= Clare, County Westmeath =

Townland in Killare, Ireland

Clare is a townland in Killare, Rathconrath, County Westmeath, Ireland.

==Geography==
Clare is bounded on the north by Clonickilroe and Clonnamanagh townlands, on the west by Ballinlig Lower and Clonybane townlands, on the south by Ballinaspick townland and on the east by Dungaghy, Rackavra, Rathskeagh Upper and Taghnafearagh townlands. Its chief geographical features are Clare Hill which reaches a height of 433 feet, small streams, forestry plantations and dug wells. Clare is traversed by the local L1240 road, minor public roads and rural lanes.
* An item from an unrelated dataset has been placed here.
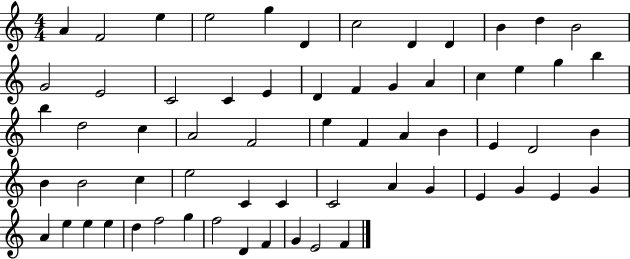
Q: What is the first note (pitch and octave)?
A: A4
The townland covers 854 acres.

==History==
The earliest surviving mention of Clare is in the Táin Bó Cúailnge set in the first century A.D. which states (lines 4227-4230)- Is and sain ra gabsatar cethri ollchóiceda Hérend dúnad & longphort ac Cláthra in n-aidchi sin. Ra fácsatar fiallach foraire & freccométa úathu ra hagid Ulad ná tístais Ulaid gan robud gan rathugud dá saigid, ('Then the four great provinces of Ireland made their encampment at Clártha that night. They left a band to keep watch and guard against the Ulstermen lest they should come upon them unawares'). (Line 4150) states- Is hí inn adaig cétna rabert Dubthach Dáel Ulad na briathra sa oc feraib Hérend i Slemain Mide in n-aidchi sin: Móra maitne maitne Mide. Móra ossud ossud Cullend. Móra cundscliu cundscliu Chláthra. Móra echrad echrad Assail. Móra tedmand tedmand Tuath Bressi. Móra in chlóe clóe Ulad im Chonchobor. Cossénait a mná. Raseisset a n-éiti for Gárig & Ilgárig isin matin se monairther, ('On that same night, Dubthach Doel ('the Scorpion') of Ulster uttered these words in his sleep among the men of Erin at Slemain Mide that night: "Great be the morn, The morn of Meath! Great be the truce The truce of Culenn! Great be the fight, The fight of Clartha! Great, too, the steeds, The steeds of Assal!" ').

A legendary explanation for the townland name is give in the tale Bruiden Da Choca (The destruction of Da Coca's hostel) which also occurred about the same time as the Táin Bó Cúailnge. It states Clare Hill was named after the hero Clartha Cloen- Do-rochair Clartha Claon la Cet mac Magach i Clathra conid uaid ainmnighther, ('Clartha Cloen was slain by Cet Mac Maga in Clartha, and that hill is named after him').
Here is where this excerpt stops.